I am doing different data processing operations over a big dataset (approx 50M rows per 14 columns, some of them being strings of no more than 14 characters) using arrow. I have used open_dataset to manipulate the data using arrow. After doing several operations, I am able to call compute on a final dataset I use before some grouping and summarising operations within a for loop. Based on this dataset, the code is the following:
Note: summarise_numeric is a custom function that summarises several variables
geo_groupings <- list(national = "", 
                      region = "region",
                      zip_code = "Zip Code")

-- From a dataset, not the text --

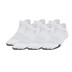 Under Armour Breathe Damen Socken, 3Paar, weiss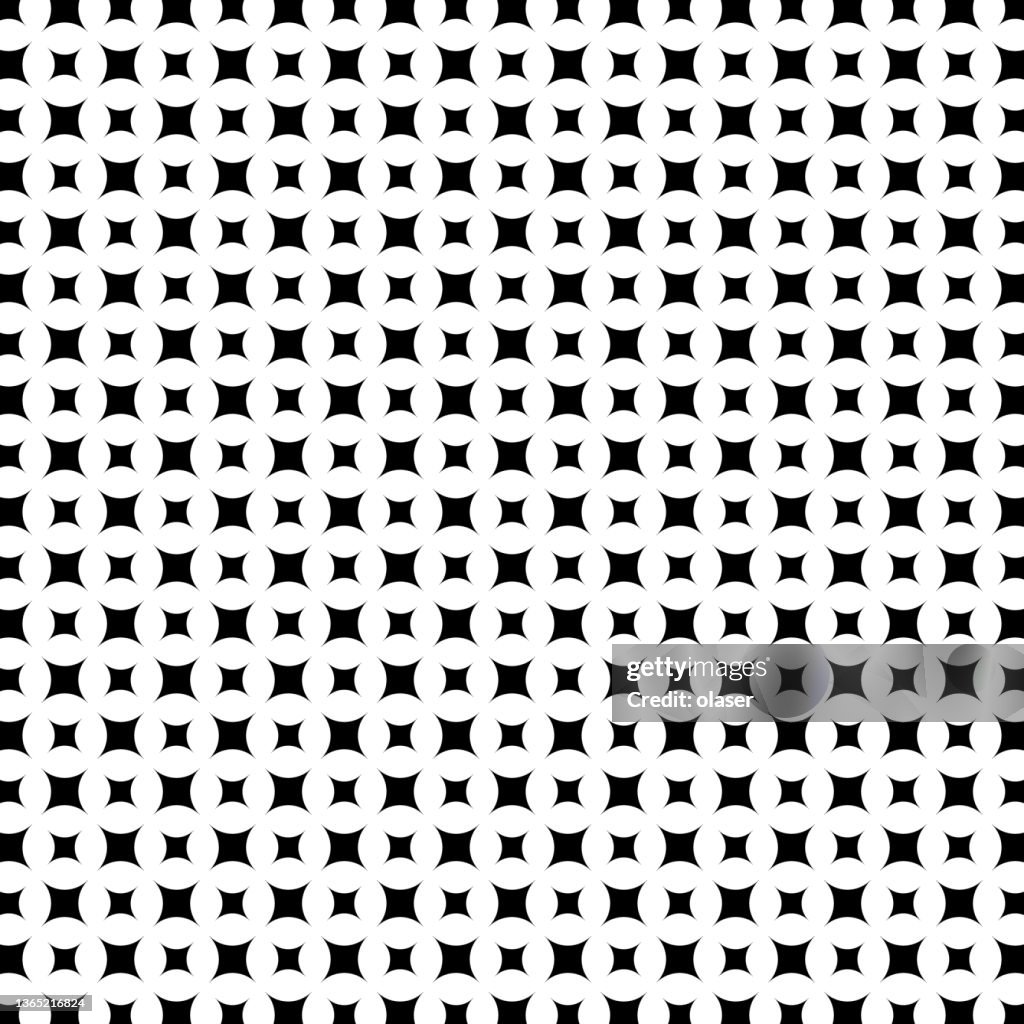 Square Pattern Call Out Dual Size Rounded Inverted Squares Pattern On White High-Res Vector ...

var_groupings <- list(unsegmented = "",
                      no_gender = c("Age"),
                      no_age = c("Gender"),
                      all_variables = c("Gender", "Age"))

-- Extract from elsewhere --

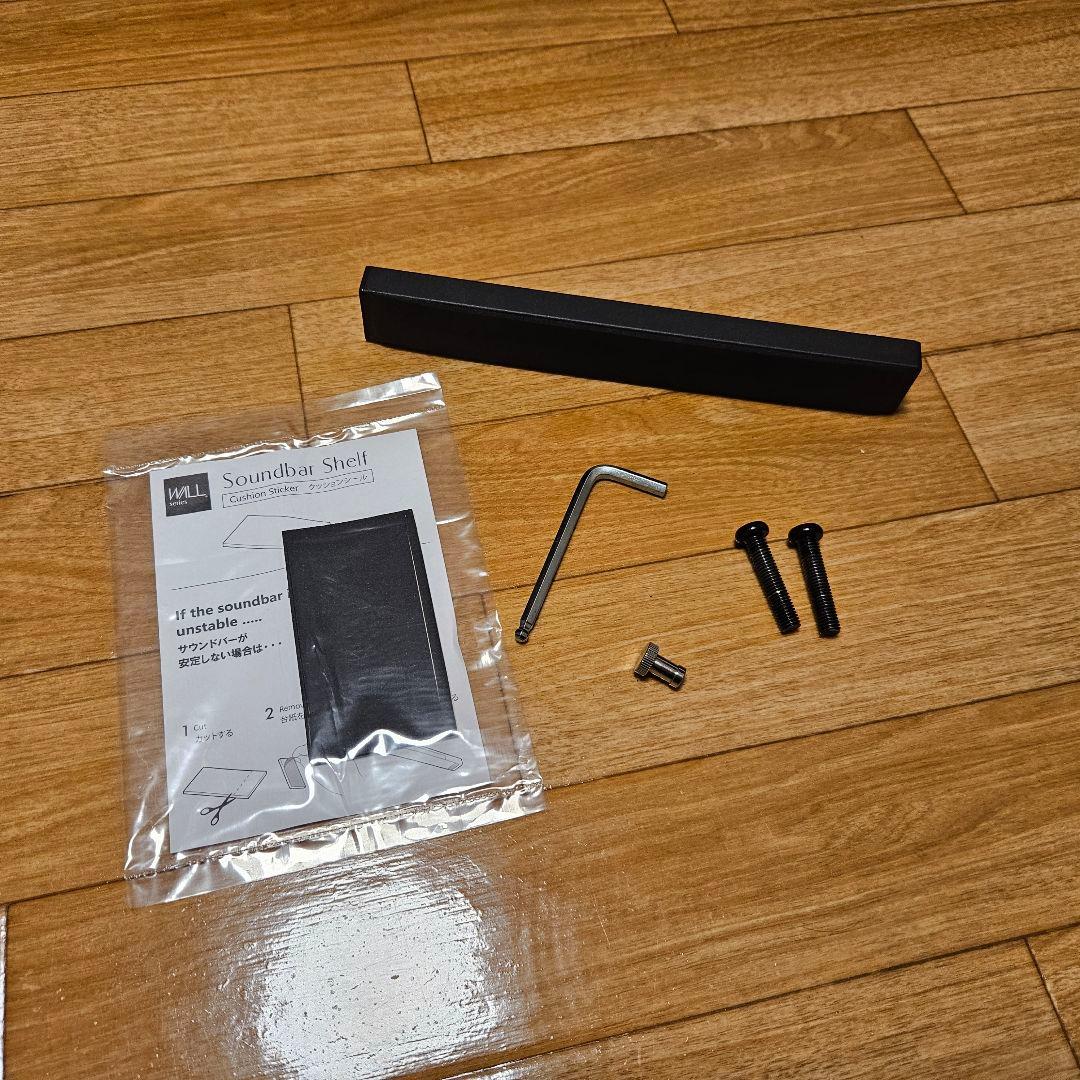 EQUALS WALL サウンドバー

sales <- sales %>% compute()
# 3.2 Variables creation:
for (geo_group in names(geo_groupings)){
  for (var_group in names(var_groupings)){
    groups <- c("date", "customer")
    if (var_group != "unsegmented") groups <- c(groups, var_groupings[[var_group]])

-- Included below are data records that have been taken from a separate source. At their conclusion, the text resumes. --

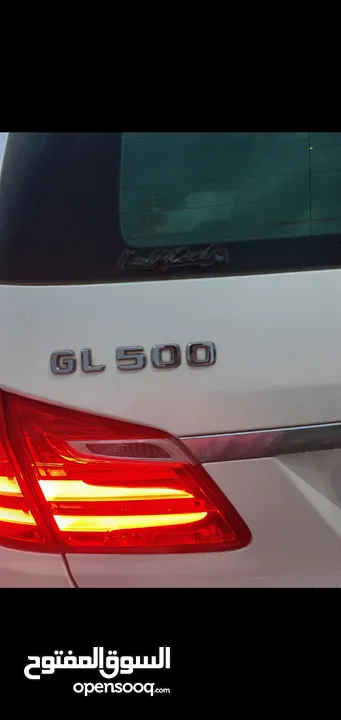 2015 GL500 خليجي وكالة عمان للبيع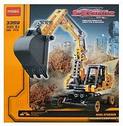 Конструктор Decool 3359 Экскаватор, 286 дет., аналог Лего Техник LEGO Technic 8419 v, фото 3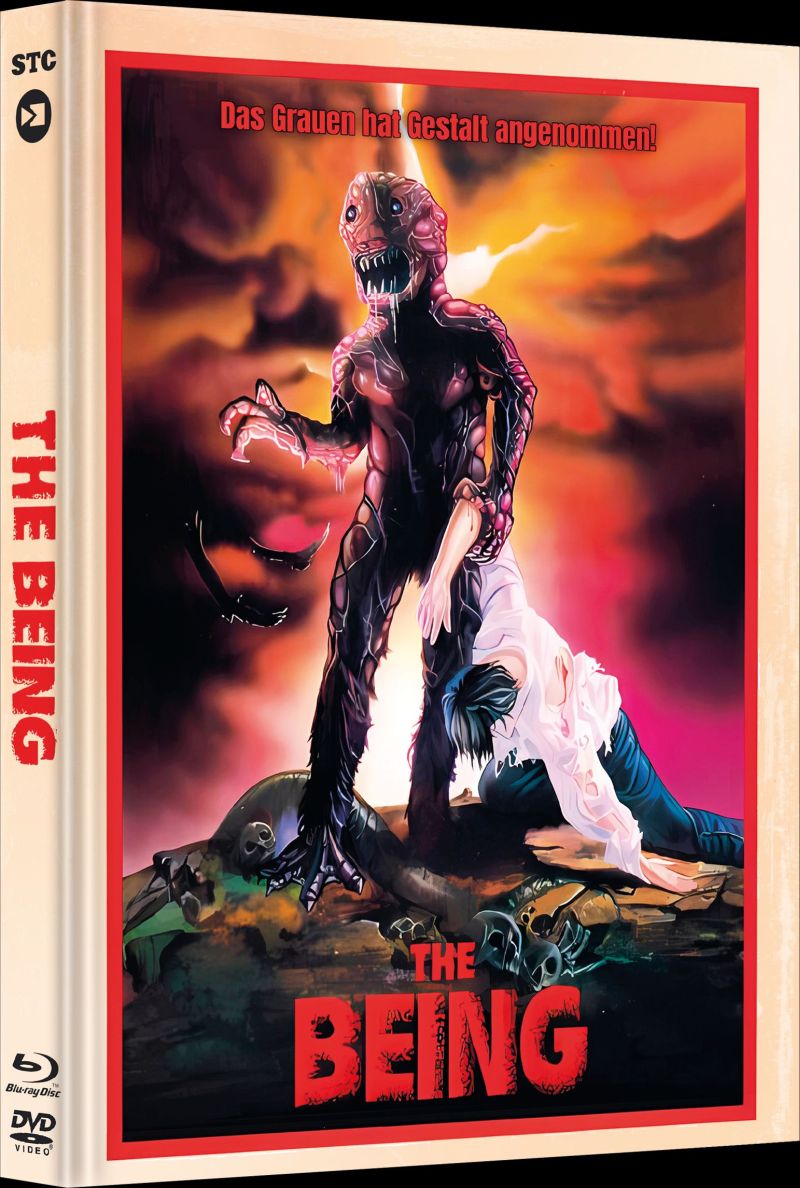 The Being - DVD/Blu-ray Mediabook A Lim 222 Uncut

    if (geo_group != "national") groups <- c(groups, geo_groupings[[geo_group]])
    groups <- rlang::syms(groups)
    
    stacked <- sales %>% 
      group_by(!!!groups[1:length(groups)]) %>% 
      summarise_numeric() %>% 
      mutate(Segment = tolower(paste(!!!groups[2:length(groups)], sep = "_"))) %>% 
      relocate(Segment, .after = "date") %>% 
      # We collect because there is not an implementation of tidyr::pivot_wider
      # for the arrow package yet
      collect()
Then I get the following error:
#> Error in `compute.arrow_dplyr_query()`:
#> ! Out of memory: realloc of size 8589934656 failed
The code works perfectly, the only issue is memory reallocation. I need to call collect because then I need to apply pivot_wider to stacked and this is not implemented as of arrow 11.0.0.3.
An example of how I would approach this example with arrow::map_batches in order to circumvent memory issues is the following:
map_batches(iris_dt, function(batch){
  batch %>% 
    group_by(Species) %>% 
    summarise(across(where(is.numeric), sum))  
}) %>% 
  collect()
For this particular example, it has the same result as
iris %>% 
  group_by(Species) %>% 
  summarise(across(where(is.numeric), sum)) %>% 
  collect()
However, when calling the same code in my big dataset
 stacked <- arrow::map_batches(sales, function(batch){
   batch %>%
     group_by(!!!groups[1:length(groups)]) %>% 
     summarise_numeric() %>% 
     mutate(customer = tolower(paste(!!!groups[2:length(groups)], sep = "_"))) %>% 
     relocate(customer, .after = "date") 
 }) %>% 
  collect()
The result that I get is not perfectly aggregated as you would expect from a group_by and summarise operation. I am wondering whether using the .lazy = FALSE argument would solve this issue.